Armênia vive tragédia humanitária, mas Rússia ignora antiga aliada de olho no apoio da Turquia no pós-guerra

02 de março de 2023 - 12h09

Você já ouviu falar da Ucrânia? E de Artsakh?

 

Olhos do mundo na Ucrânia enquanto Erdogan (Turquia) e Aliyev (Azerbaijão) comemoram 20 anos de poder e parceria isolando 120 mil civis armênios em Artsakh

Por James Onnig

Quando em 2012 azerbaijanos e russos não renovaram o contrato de aluguel da estação de radares russos de Gabala, 200 quilômetros a noroeste de Baku, o afastamento formal entre as ex-repúblicas soviéticas alcançava um novo patamar nas relações diplomáticas marcadas por períodos mais e menos amistosos.

Já era perceptível que o Kremlin teria um tabuleiro complexo no Cáucaso. Em 1999, o Azerbaijão se retirou oficialmente da Organização do Tratado de Segurança Coletiva – CSTO na sigla em inglês, acordo militar de proteção mútua entre algumas das ex-repúblicas soviéticas.
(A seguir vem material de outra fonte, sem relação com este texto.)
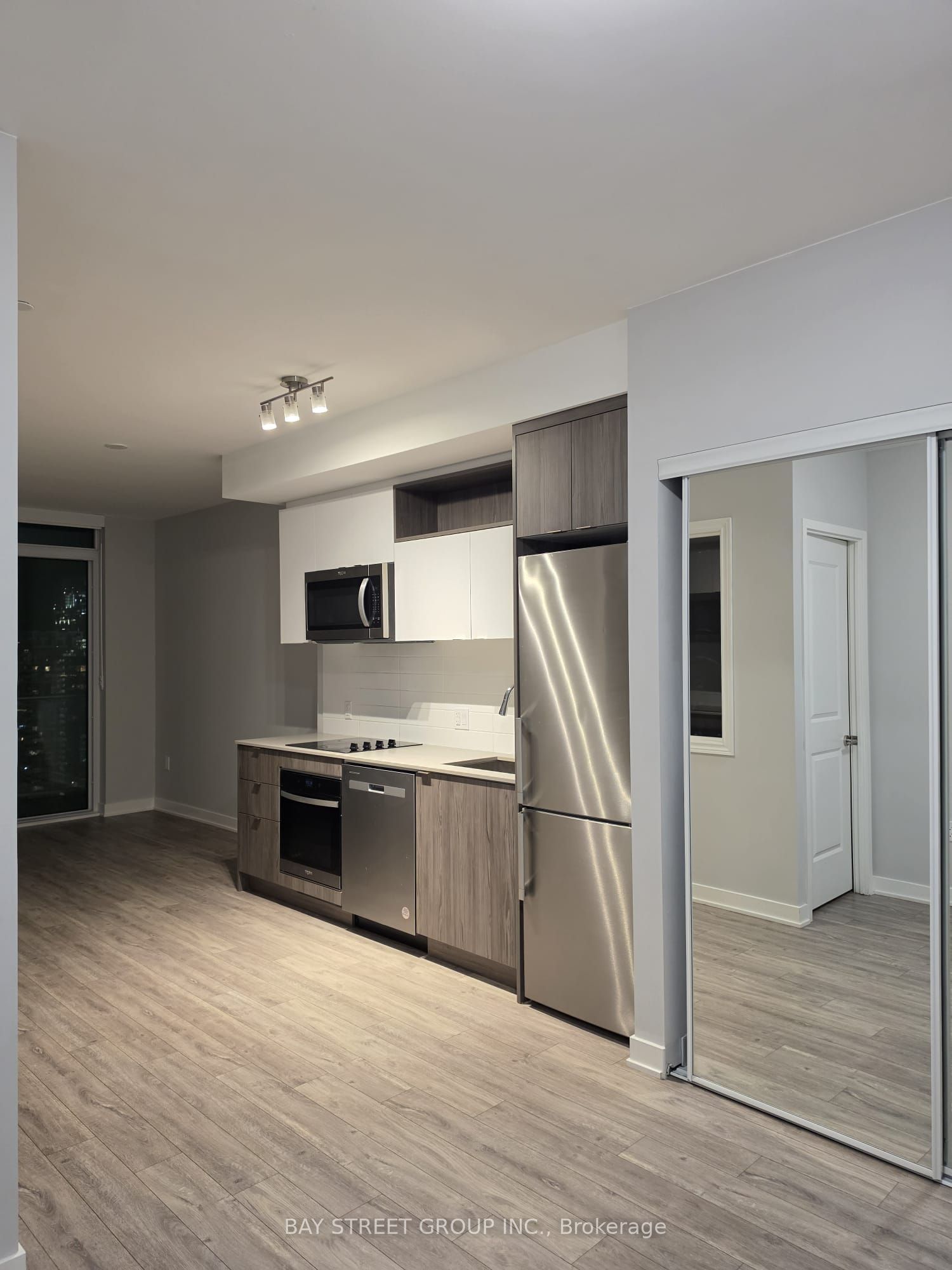 100 Dalhousie Street 4709, Toronto, ON M5B 2P7 photo 4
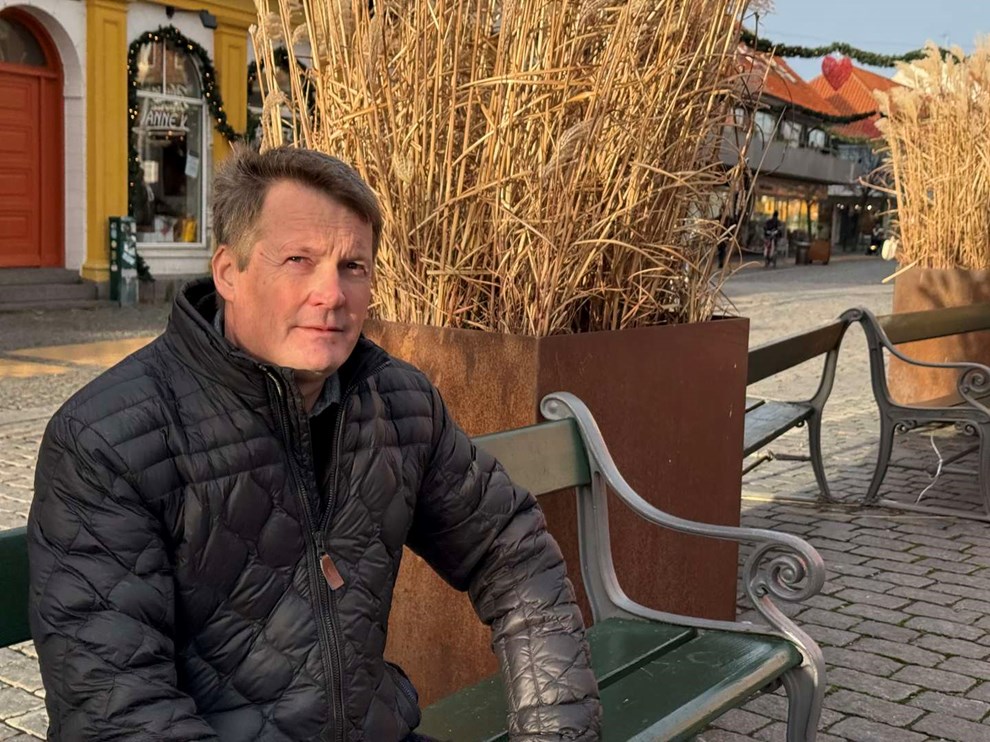 Vil sælge alle sine ejendomme: 'Mine rådgivere og andre synes, at det er åndssvagt' Vil sælge alle sine ejendomme: 'Mine rådgivere og andre synes, at det er åndssvagt'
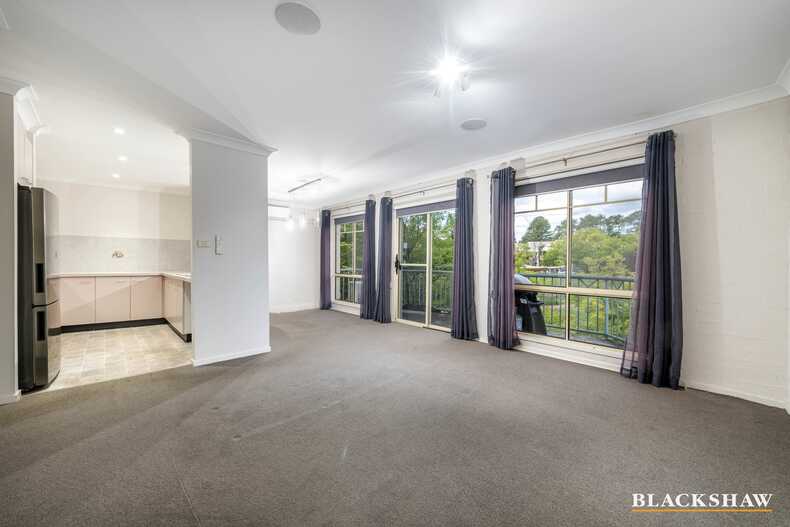 17/60 Port Jackson Circuit  Phillip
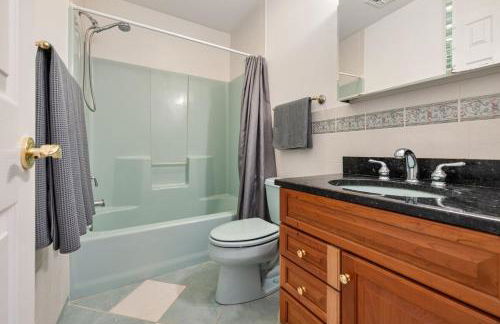 Secluded 9BR Getaway, Pool, Hot Tub & Huge Deck - Foto 61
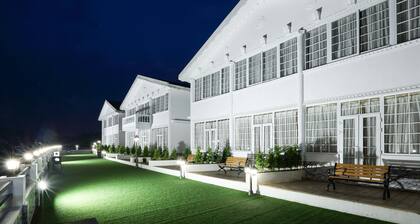 Treebo Skydale Inn & Suites With Mountain View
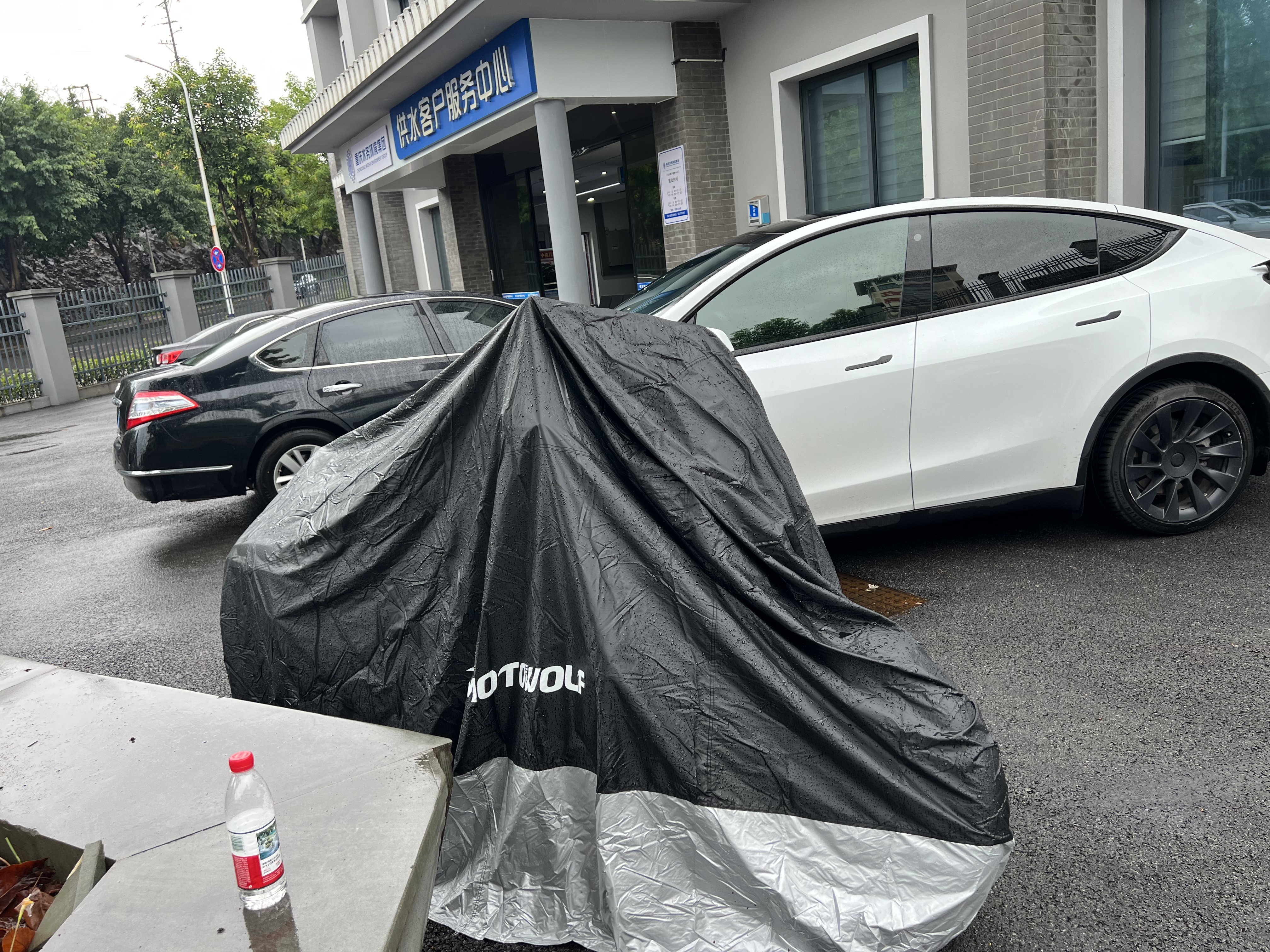 摩多狼（MOTOWOLF）摩托车车罩车衣电动车宝马哈雷防晒防雨防尘罩踏板车车套加厚加大 实拍图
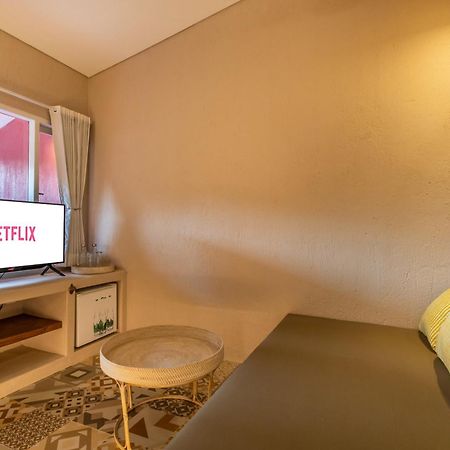 Bed and Breakfast Pinkprivate Sanur - For Cool Adults Only Exterior foto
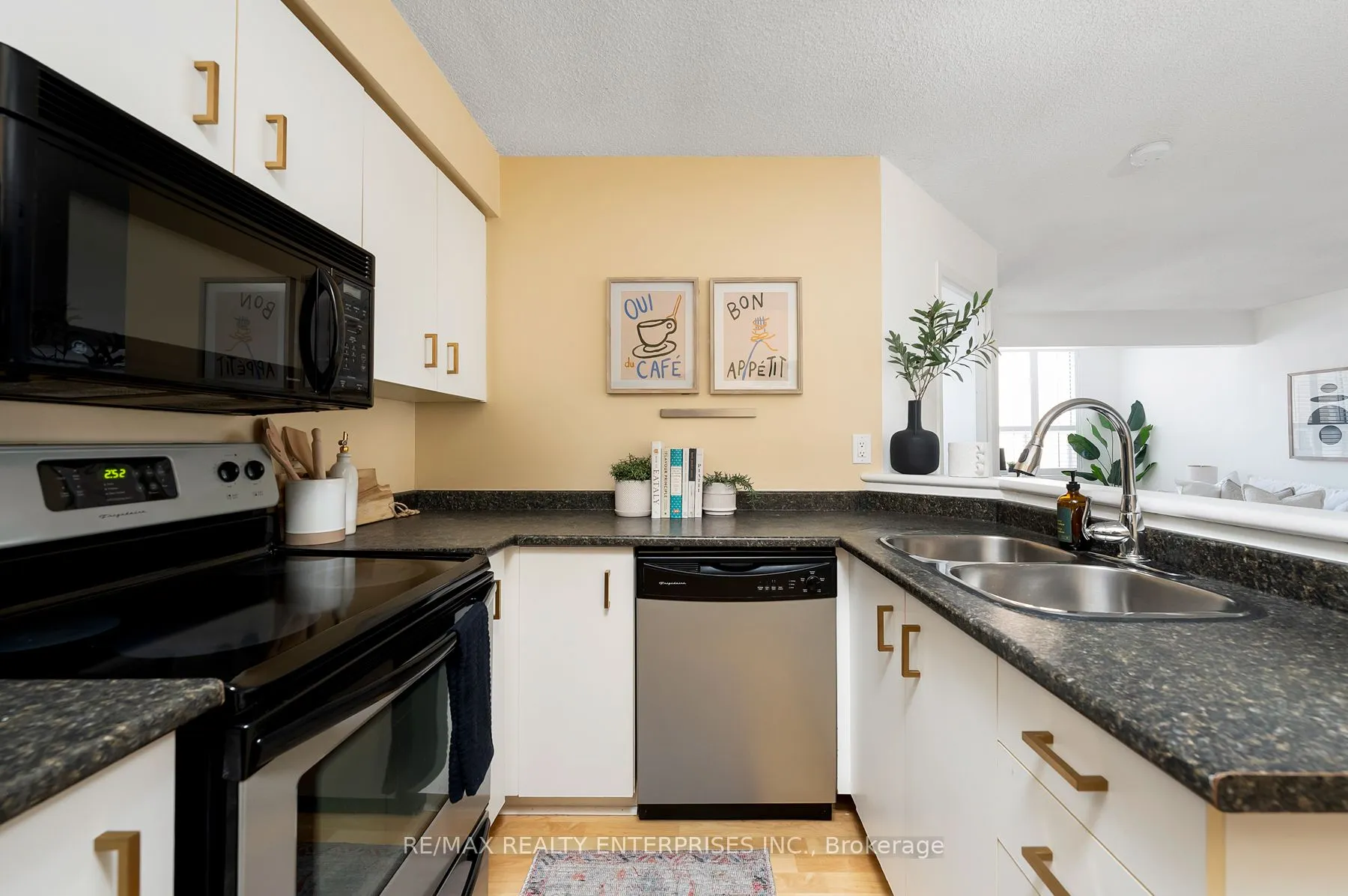 25 Grenville Street, #610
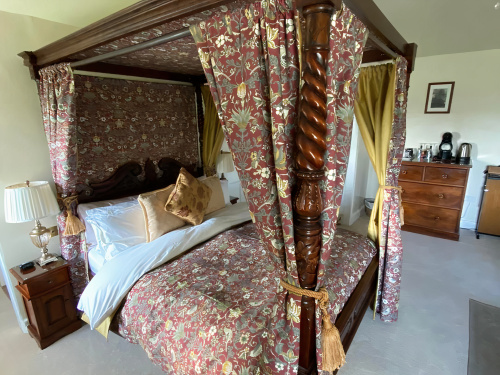 William Madocks Bedroom - named after the esteemed MP, philanthropist & entrepreneur, who founded Tremadog and Porthmadog. He purchased Plas Tan-Yr-Allt in 1798.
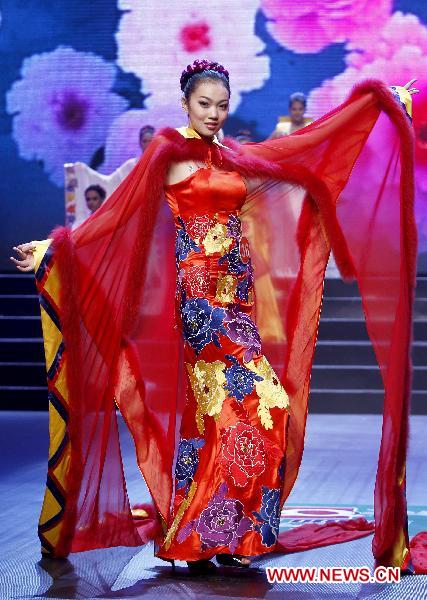 A contestant presents ethical dress at the Fifth Asian Super Model Contest held in Nanning, capital of southwest China's Guangxi Zhuang Autonomous Region, Aug. 30, 2010. The second competition of the Fifth Asian Super Model Contest was held there on Monday. A total of 36 contestants from ten countries and regions attended the contest.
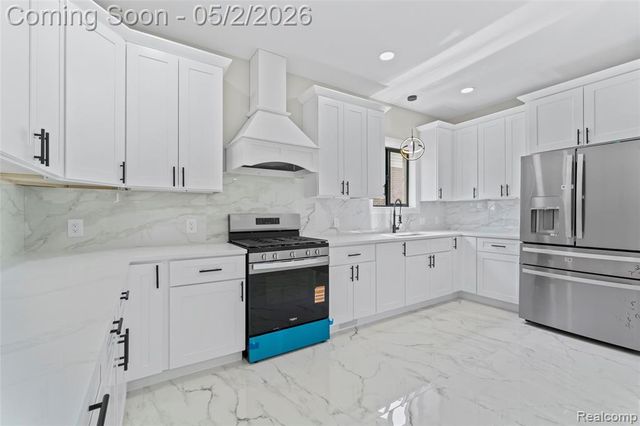 3811 Alice Street, Dearborn, MI 48124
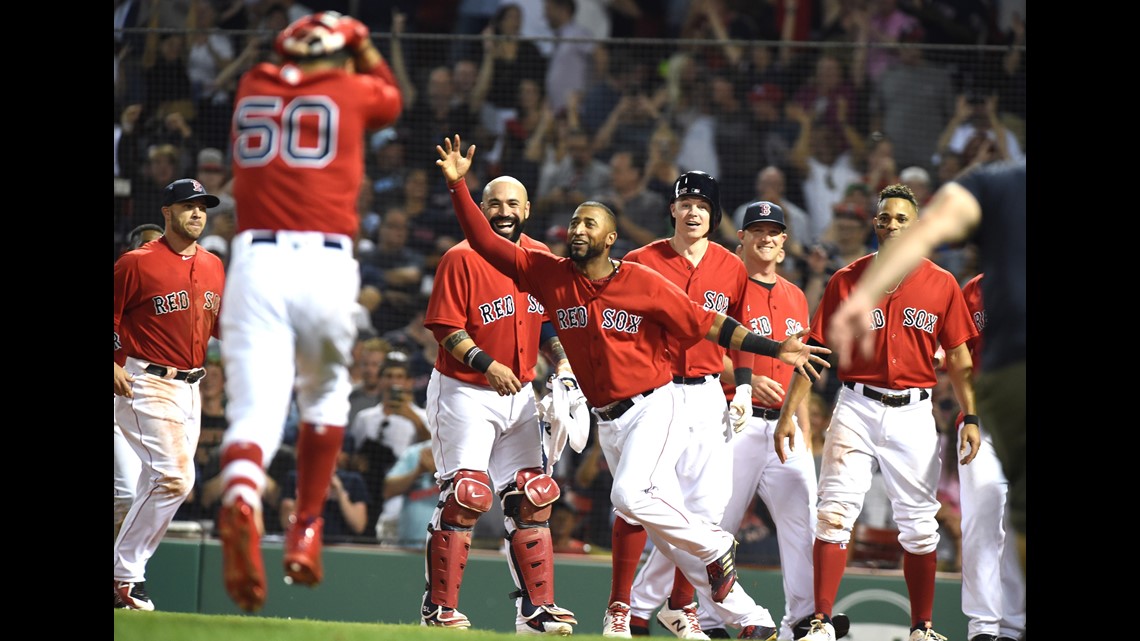 Betts' walk-off homer in 10th gives Red Sox win over Twins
O então presidente Heydar Aliyev (1923-2003) acusava os russos de serem lenientes com os armênios de Nagorno-Karabakh (Artsakh para aos armênios) que recuperaram sua liberdade depois de décadas de subordinação ao governo da República Socialista Soviética do Azerbaijão.

Ao vencerem o conflito por volta de 1994, os armênios da República de Artsakh (não reconhecida) passaram a contar com apoio da República da Armênia, aliada russa de primeira hora. Assim, para Aliyev era incompatível fazer parte do CSTO.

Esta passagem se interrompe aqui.